* TRY IT
Please take the records that follow and repeat exactly the lines starting with the line with "aresizlik ierisinde beklediklerini" and going on through the line with "Tailler un arbre".

* INFORMATION SUPPLIED
☆ ☆ ☆ ☆ ☆ ☆ ☆

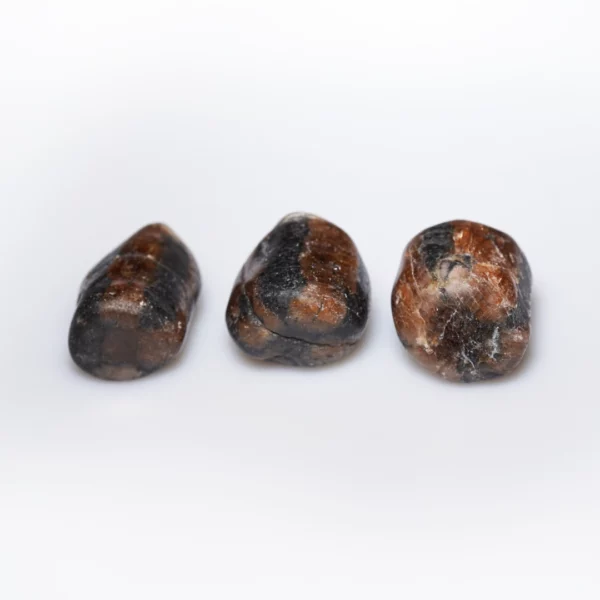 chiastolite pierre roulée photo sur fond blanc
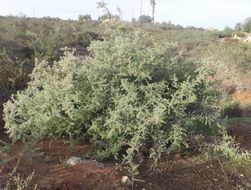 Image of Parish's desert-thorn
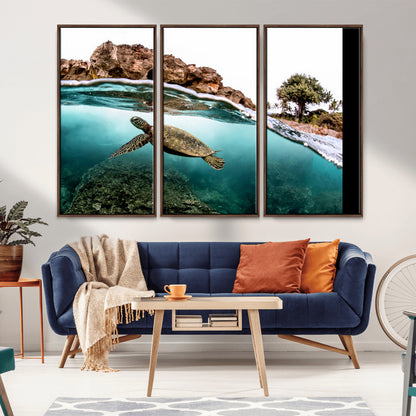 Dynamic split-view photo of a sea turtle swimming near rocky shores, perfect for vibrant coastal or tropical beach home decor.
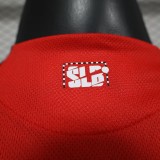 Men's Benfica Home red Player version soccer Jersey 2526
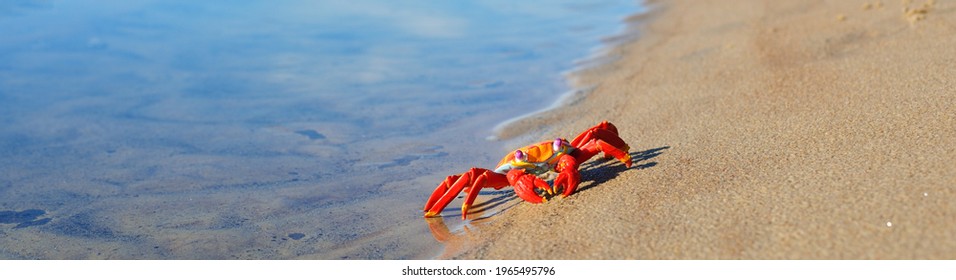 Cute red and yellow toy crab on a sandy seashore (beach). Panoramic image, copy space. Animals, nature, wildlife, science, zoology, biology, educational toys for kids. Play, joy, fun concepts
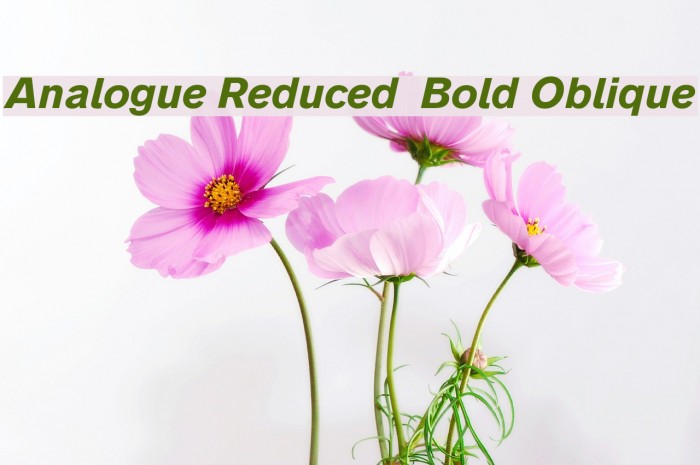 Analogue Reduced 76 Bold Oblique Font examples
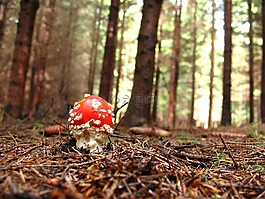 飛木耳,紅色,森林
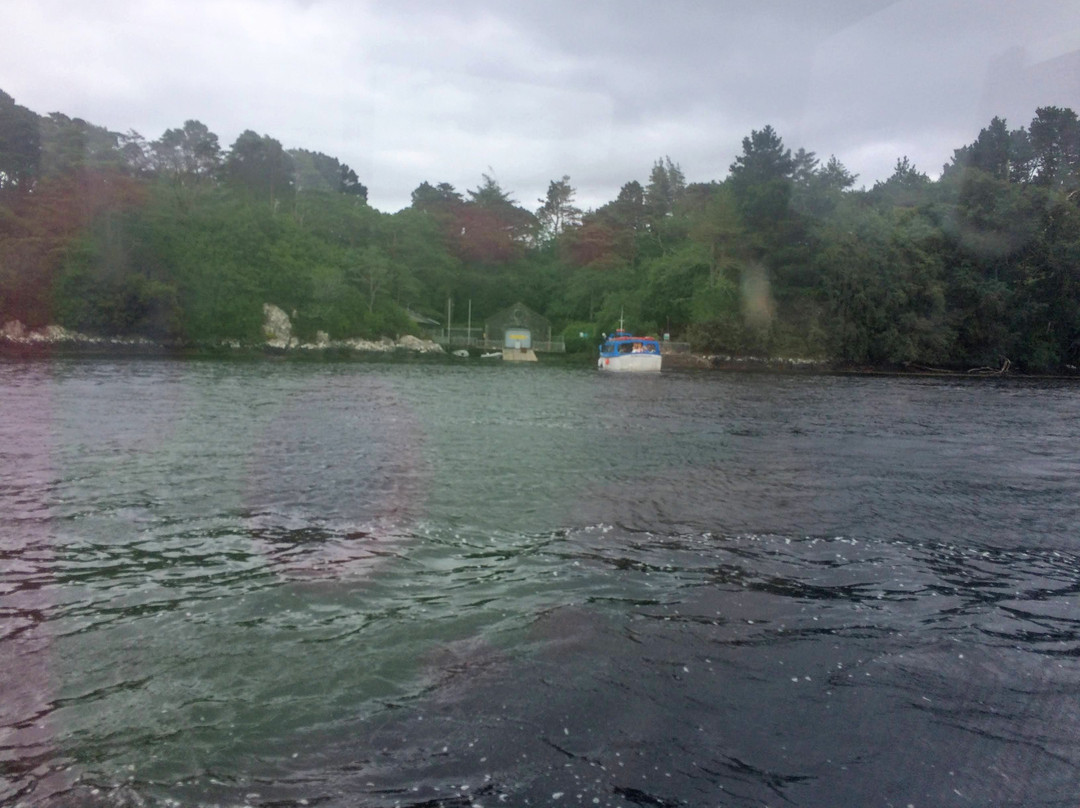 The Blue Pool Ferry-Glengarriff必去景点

☆ ☆ ☆ ☆ ☆ ☆ ☆

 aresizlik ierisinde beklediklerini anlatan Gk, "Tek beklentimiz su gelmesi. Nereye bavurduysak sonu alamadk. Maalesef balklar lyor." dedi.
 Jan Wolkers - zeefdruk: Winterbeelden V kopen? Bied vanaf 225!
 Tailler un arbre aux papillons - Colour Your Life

☆ ☆ ☆ ☆ ☆ ☆ ☆

* RESPONSE AREA
 aresizlik ierisinde beklediklerini anlatan Gk, "Tek beklentimiz su gelmesi. Nereye bavurduysak sonu alamadk. Maalesef balklar lyor." dedi.
 Jan Wolkers - zeefdruk: Winterbeelden V kopen? Bied vanaf 225!
 Tailler un arbre aux papillons - Colour Your Life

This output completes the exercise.